Ibe Bogaert says Joost Klein helped her through one of the hardest periods of her life, not just as a coach on The voice van Vlaanderen but as someone who listened when she needed it most. In an interview with HLN, Bogaert said the contact with Klein felt familiar from the start, and that his quick turn during her audition marked the beginning of a bond that went far beyond the show.
Bogaert said Klein helped her not only musically but mentally, after years in which she struggled deeply. She said her mother died by suicide, that she had dark thoughts herself and that, shortly before joining the program, she spent three weeks in a psychiatric institution. When she told him her story, she said, a real conversation started. Klein, she said, is someone who lost both of his parents at a young age, and that shared experience made him easier to trust.

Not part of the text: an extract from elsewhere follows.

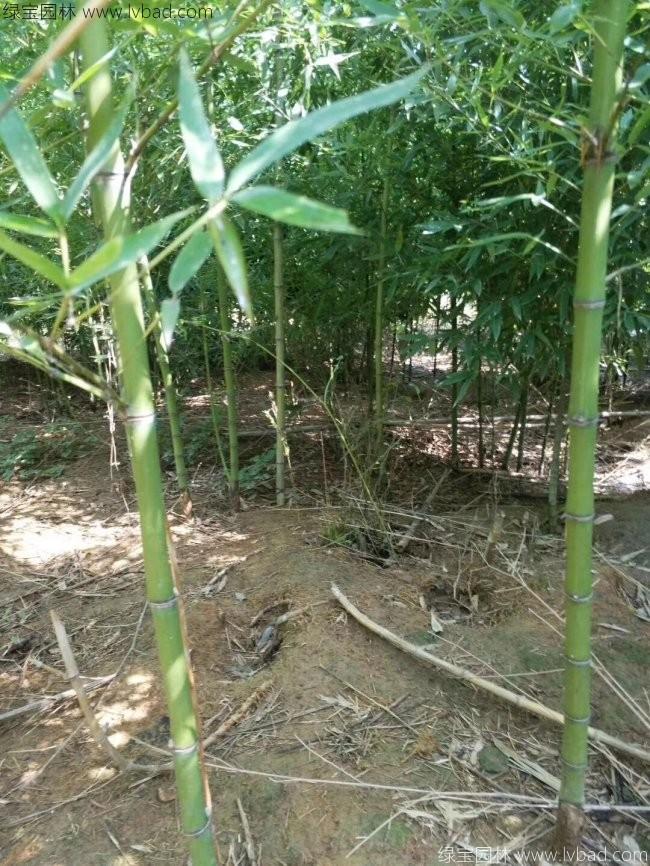 綠化竹 綠化竹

What Bogaert says Klein gave her most was self-confidence. She said she often felt anxiety on stage, and that he gave her tools to deal with it. Those tips now help her enjoy performing more, she said. Bogaert called him a “waanzinnig lieve en authentieke gast,” and said he recently wrote her an affirmation telling her she can sing well. She keeps the note in her car.
The exchange adds a personal layer to The voice van Vlaanderen, where coaching is often framed in terms of technique and performance. Here, the emotional weight is impossible to separate from the music. Bogaert’s comments also place Klein in a role that has come up before in the show’s orbit, including a separate row on The Voice van Vlaanderen brushed off by Mathieu Terryn, but her account is not about controversy. It is about the way one contestant says a coach helped her stay on her feet.
For Bogaert, the point appears settled. Klein was not only the man who turned his chair quickly during her audition. He was the coach she says helped her believe she belonged there.